Jakarta, OLE - Jet tempur KF-21 Boramae, hasil kolaborasi Korea Selatan dan Indonesia, mulai mendapat sorotan internasional sejak uji terbang perdana pada Juli 2022. Contohnya, dari media pertahanan India. Pada awal Agustus 2025, KF-21 disebut sebagai platform generasi 4,5 yang kompetitif dari segi biaya dan potensi pertumbuhan.
Indian Defence Research Wing (IDRW) pekan lalu meliris laporan berisi pujian para pejabat dan analis militer India terkait keunggulan KF-21 sebagai jet tempur generasi 4,5. Dikatakan, KF-21 lebih kompetitif dari segi biaya, punya potensi peningkatan dan kompatibilitas dengan kebijakan industri pertahanan domestik India.

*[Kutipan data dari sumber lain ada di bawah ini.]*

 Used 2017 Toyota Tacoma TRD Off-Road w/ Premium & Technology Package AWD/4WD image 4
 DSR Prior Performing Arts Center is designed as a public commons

Pujian ini muncul di tengah evaluasi India terhadap berbagai platform untuk menggantikan armada lama mereka, termasuk kemungkinan menolak F-35 karena keterikatan ekosistem dan biaya tinggi. KF-21 dinilai memiliki roadmap pengembangan yang jelas dan mesin GE F414-nya sama dengan jet Tejas Mk2 buatan India. Ada peluang integrasi teknologi dan produksi bersama.
Meski India belum memasukkan KF-21 dalam daftar pendek pengadaan, mereka mengakui keunggulan desain dan fleksibilitasnya dibandingkan jet tempur generasi 5 seperti F-35, yang dinilai terlalu terikat pada ekosistem Amerika Serikat.
Simbol Kemandirian
Dalam pasar global, KF-21 bersaing dengan sejumlah jet tempur canggih seperti Dassault Rafale (Prancis), Eurofighter Typhoon (Eropa), F-16V dan F-35 Lightning II (AS), serta J-10C dan FC-31 (China). Dari sisi tampilan, KF-21 dari samping mirip FC-31 Gyrfalcon Stealth (China).

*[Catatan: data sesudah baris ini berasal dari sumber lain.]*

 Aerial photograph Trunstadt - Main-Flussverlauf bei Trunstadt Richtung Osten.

Dibandingkan dengan kompetitor tersebut, KF-21 menawarkan harga yang lebih terjangkau (sekitar US$65 juta per unit), dengan fitur siluman terbatas dan kemampuan avionik modern. Filipina, Peru, dan bahkan Polandia telah menyatakan minat terhadap pesawat ini sebagai alternatif dari dominasi Barat dan China dalam pasar alutsista.
Keunggulan KF-21 terletak pada kombinasi teknologi canggih dan arsitektur terbuka. Jet ini dilengkapi radar AESA buatan Hanwha Systems, sistem IRST, EO targeting pod, dan RF jammer yang memungkinkan pengoperasian dalam berbagai skenario tempur.

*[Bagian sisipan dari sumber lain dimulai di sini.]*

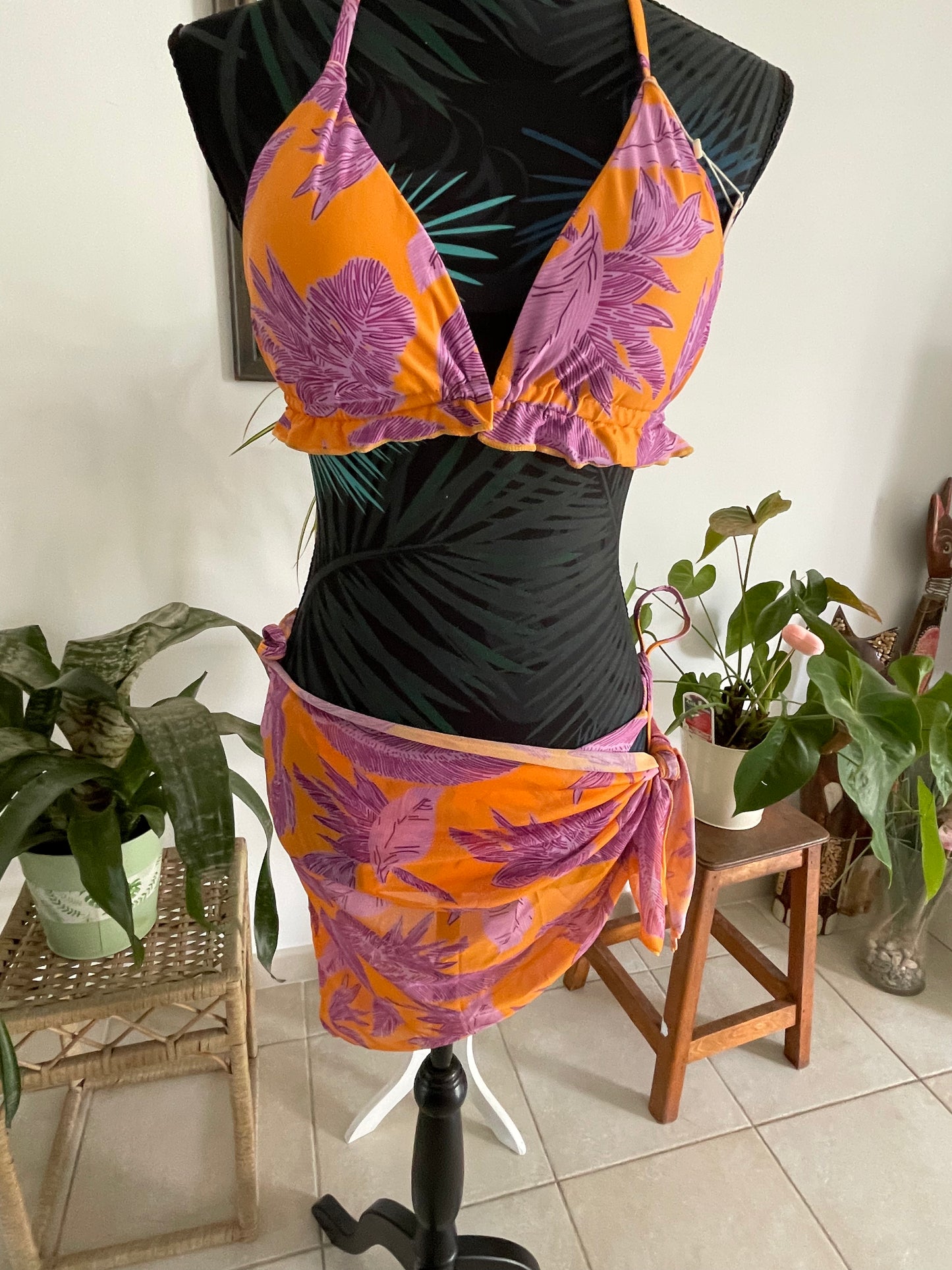 Ensemble Bikini "Sunset Paradise" & Paréo Assorti - L'Évasion Tropicale pour votre Été !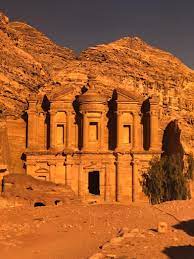 Des petits groupes de 5 à 15 personnes maximum ; Voyage Escalade En Jordanie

Selain itu, desain modular memungkinkan integrasi senjata dan perangkat lunak dari berbagai sumber, tanpa ketergantungan pada satu negara pemasok. Produksi massal dijadwalkan dimulai pada 2026, dengan target 120 unit untuk Angkatan Udara Korea Selatan hingga 2032.
KF-21 bukan sekadar proyek militer, melainkan simbol kemandirian teknologi Korea Selatan dan peluang strategis bagi Indonesia. Meski sempat terganjal tunggakan pembayaran, partisipasi Indonesia tetap penting dalam pengembangan dan potensi produksi lokal.
Di tengah dinamika geopolitik dan pasar senjata yang semakin kompleks, KF-21 menawarkan jalan tengah: jet tempur modern yang tidak terikat pada blok kekuatan besar, namun tetap mampu bersaing dalam hal performa dan fleksibilitas operasional.
Komitmen Investasi Indonesia
Investasi Indonesia dalam proyek jet tempur KF-21 Boramae memang sempat mengalami keterlambatan pembayaran yang cukup signifikan, dan hal ini memicu ketegangan dalam kerja sama dengan Korea Selatan. Berikut ringkasan detailnya:
Indonesia awalnya berkomitmen untuk membiayai 20% dari total anggaran proyek KF-21, yaitu sekitar $1,1 miliar (kemudian direvisi menjadi sekitar $1 miliar). Sebagai imbalan, Indonesia dijanjikan transfer teknologi, akses prototipe, dan hak produksi 48 unit jet tempur di dalam negeri.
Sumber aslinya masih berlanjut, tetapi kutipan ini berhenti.